*** Block opens ***
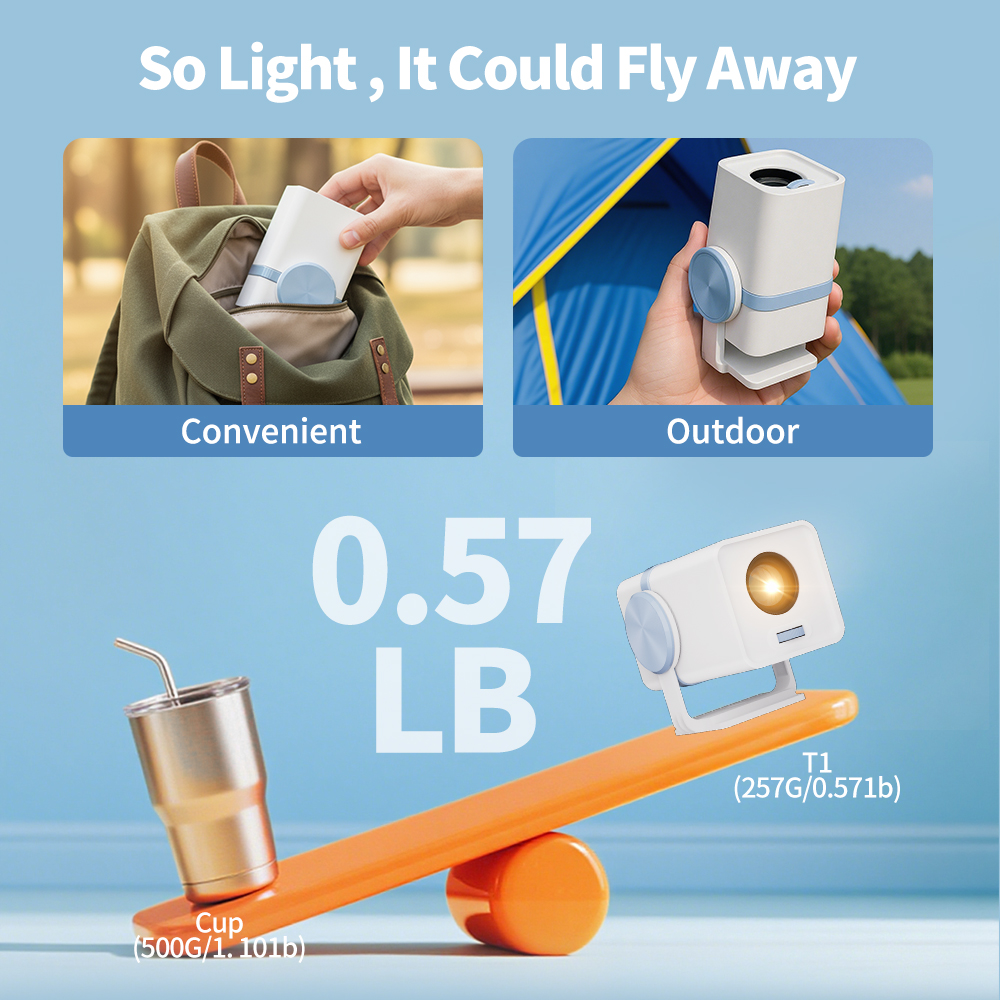 DESS Mini Projector Outdoor Portable Powered By Power Bank 4K Decoding Native 720P WiFi 6 BT 5.0 180°Rotatable Movie Projector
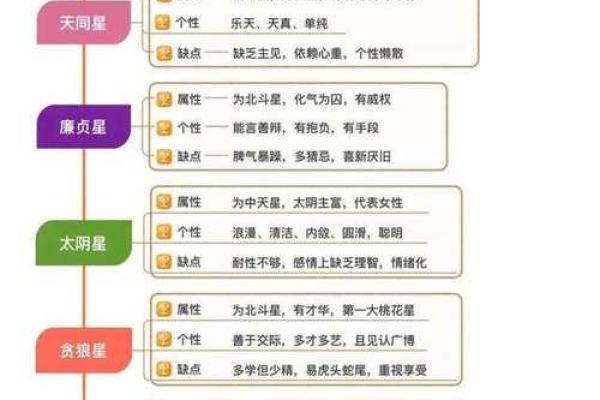 紫微斗数诸星落诸宫之：天同星迁移宫详解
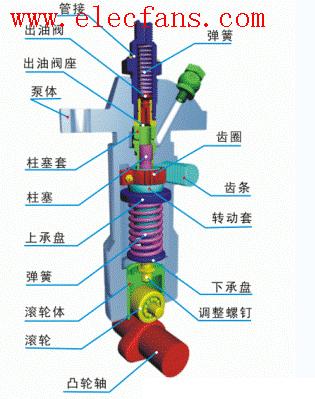 喷油泵结构示意图-柱塞泵结构图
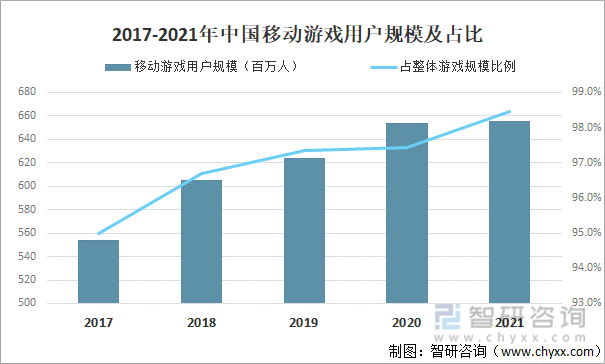 状及竞争格局分析游戏用户规模67亿人增幅达957%j9九游会真人第一品牌2022中国游戏行业发展现(图18)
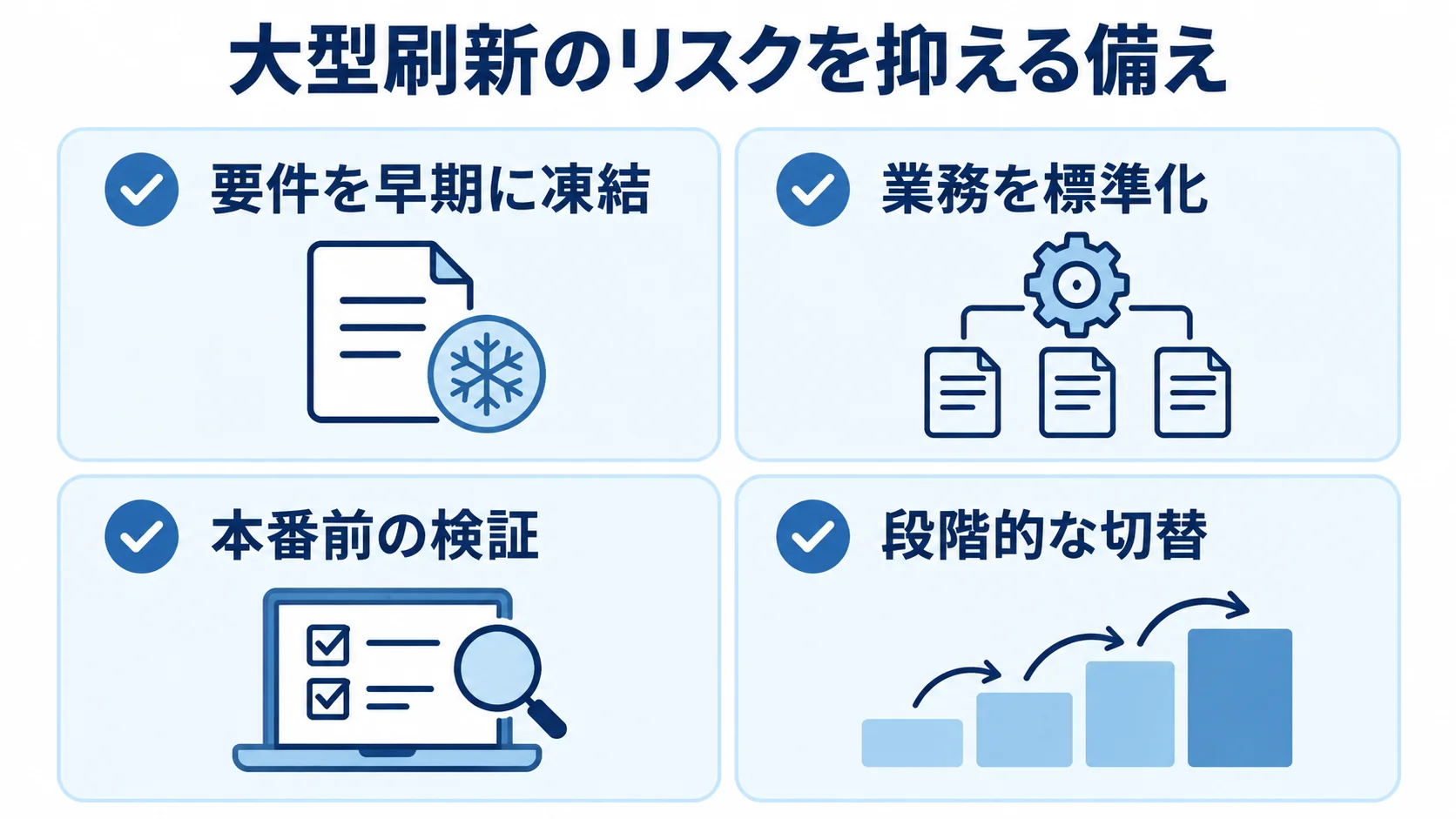 大型刷新のリスクを抑える準備項目 大型刷新に備える要件凍結、業務標準化、本番前検証、段階的な切替を並べた図解。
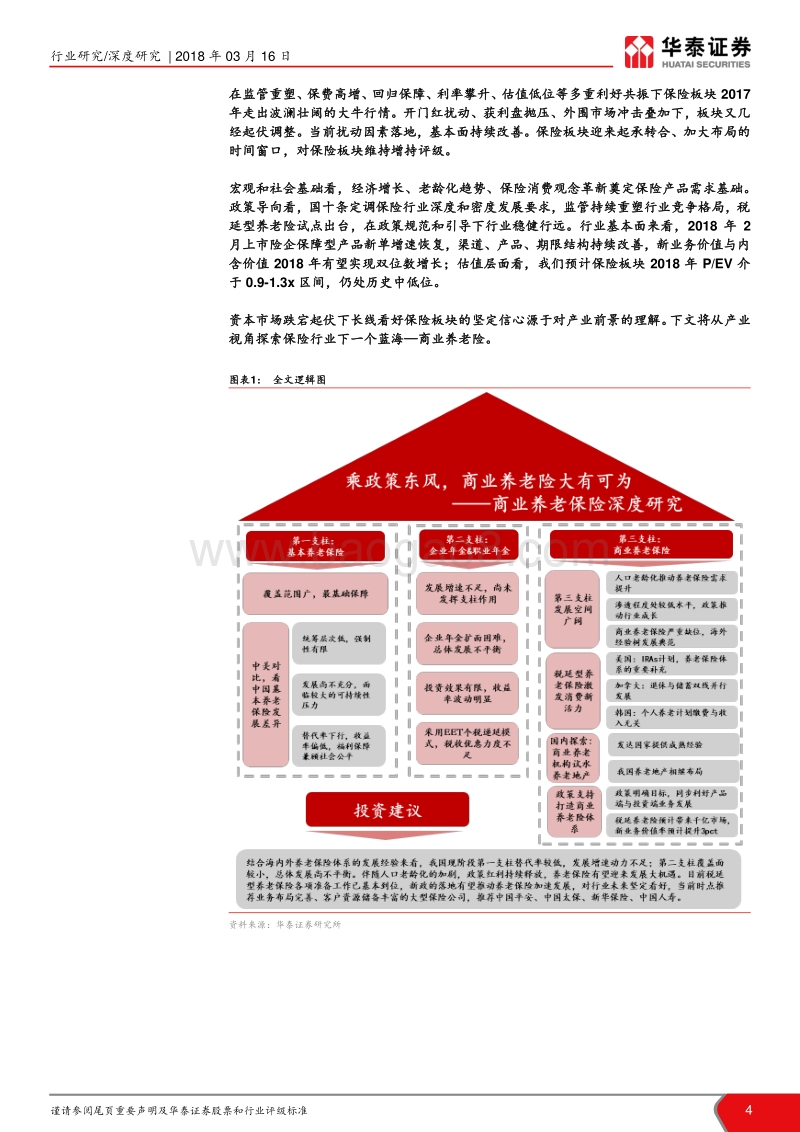 商业养老保险深度研究报告.pdf_第4页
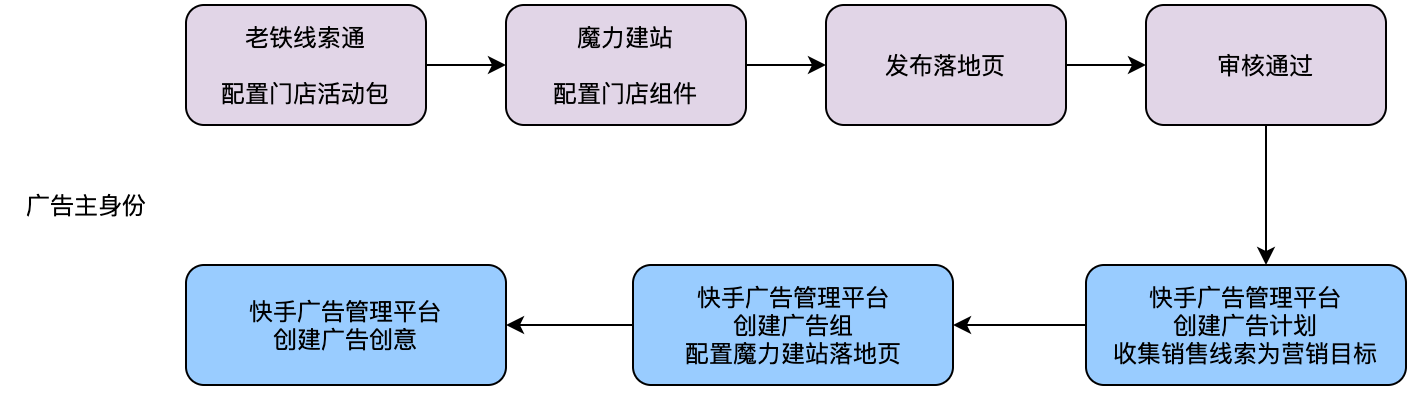 快手广告操作说明 广告主身份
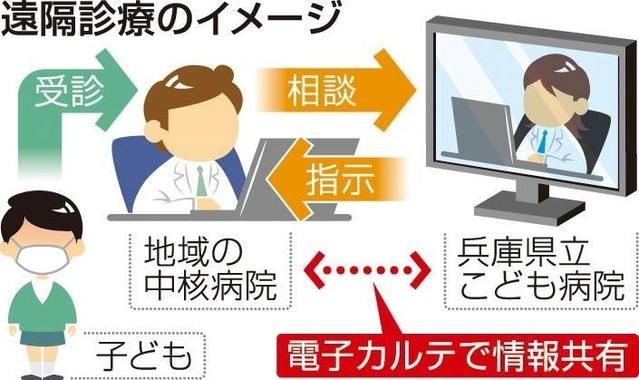 神戸新聞ＮＥＸＴ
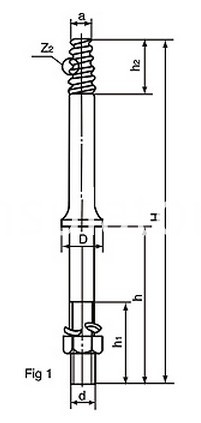 шпинделей spindles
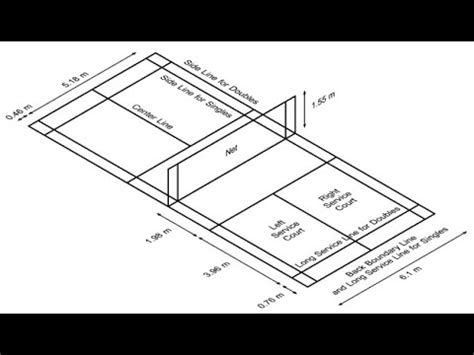 How To Draw Badminton Court - Lordunit28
*** Block closes ***
# [TASK TO CARRY OUT]
Your answer must be exactly the lines from the one containing "快手广告操作说明 广告主身份" through the last line of the records above, both included, with every picture left out.

# [SOLUTION]
 快手广告操作说明 广告主身份
 神戸新聞ＮＥＸＴ
 шпинделей spindles
 How To Draw Badminton Court - Lordunit28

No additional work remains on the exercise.